Philipp Hauer's Blog

Java Ecosystem, Kotlin, Distributed Systems, Sociology of Software Development

Don't Put Fat Jars in Docker Images

Posted on Oct 14, 2019. Updated on Oct 14, 2019

Putting a fat jar into a Docker container is a waste of storage, bandwidth and time. Fortunately, we can leverage Docker’s image layering and registry caching to create incremental builds and very small artifacts. For instance, we could reduce the effective size of new artifacts from 75 MB to only one MB! And the best is that there is a plugin for Maven and Gradle handling everything for us.

Don't Put Fat Jars in Docker Images

TL;DR

  • A fat jar contains all dependencies that usually don’t change between releases. But those dependencies are copied again and again into each fat jar leading to a waste of space, bandwidth and time.
  • For instance, the fat jar of our Spring Boot application was 72 MB big but contained only 2 MB code. Usually, the code is the only part that has been changed.
  • Fortunately, we can leverage Docker’s image layering: By putting the dependencies and resources in different layers, we can reuse them and only update the code for each artifact/release.
  • Jib provides an easy-to-use plugin for Maven and Gradle to implement this approach. No need to write a Dockerfile manually.

The Problem: The Dependencies in the Fat Jar

The layer mechanism of Docker is powerful. If all of your applications are using the same base image (like openjdk:11.0.4-jre-slim) Docker reuses the layers of the OS and the JRE. So we save storage in the Docker registry and speed up the upload to and download from the registry because fewer MBs have to be transferred (Docker only transfers the layers that are new to the registry).

Unfortunately, many applications don’t fully leverage this powerful mechanism because they are using fat jars within a Docker container.

Each new release creates a new Docker layer with 72 MB

Each new release creates a new Docker layer with 72 MB

Let’s assume our Spring Boot application is packaged into a fat jar. This fat jar is 72 MB big and is added in the last line of the Dockerfile. This means that each new release will take 72 MB storage and 72 MB have to be uploaded to and downloaded from the registry.

Now, it’s important to take a closer look at these 72 MB:

Content of a fat jar. The majority of its content changes rarely but it’s copied over and over again into each artifact.

Content of a fat jar. The majority of its content changes rarely but it’s copied over and over again into each artifact.
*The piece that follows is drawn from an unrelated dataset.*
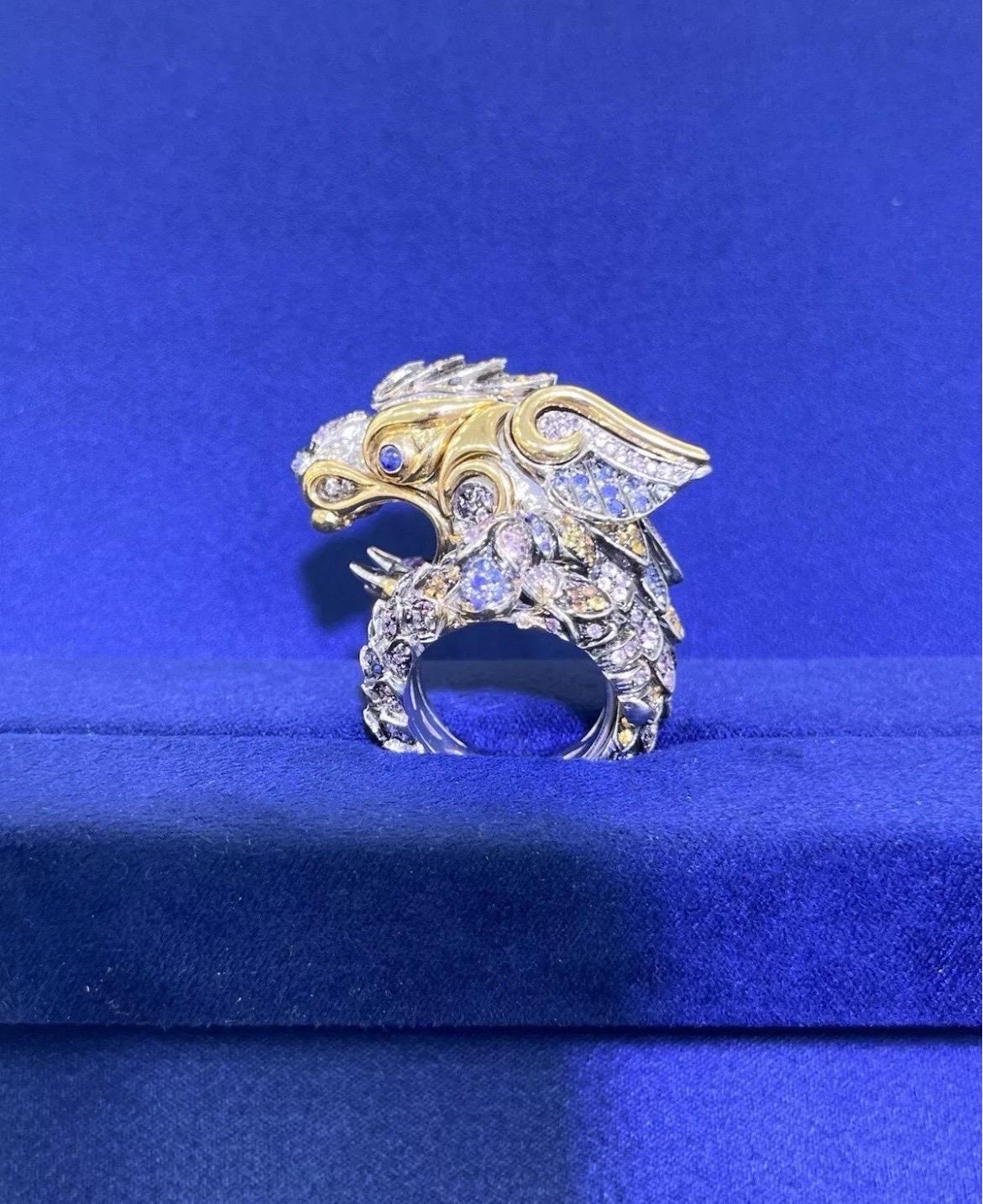 Anillo de cóctel de oro de 18 quilates Paolo Piovan Gioielli Precioso dragón de diamantes y zafiros en venta 9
A fat jar contains three parts:

  • The dependencies: The used libraries are taking most of the size but they change rarely. Most of the time when we create a release, we only touched our code and not the dependencies. Still, the dependencies are copied into each release.
  • The resources: Basically, it’s the same problem here. Although the resources (HTML, CSS, images, configuration files, etc) change more often than the dependencies, they still don’t change as often as the code changes. But they are also duplicated in each release.
  • The code: The code has only a small share of the total size of the fat jar (300 KB - 2 MB) but is the most frequently changed part of it.

So the code that is usually changed for a new release is only a few MB. Still, we copy all the dependencies and resources again and again in each artifact. That’s a waste of space, bandwidth and time.

Moreover, the space wasting is getting even worse when you are creating a unique, deployable artifact for each commit (using the git commit hash as the version number of the artifact). That makes sense for continuous delivery but leads to a high storage consumption as every commit occupies additional 72 MB.

What are useful tools for analyzing docker images and visualizing the impact of fat jars in docker images? It’s dive and docker history.

The interactive command-line tool dive shows the fat jar layer.

The interactive command-line tool dive shows the fat jar layer.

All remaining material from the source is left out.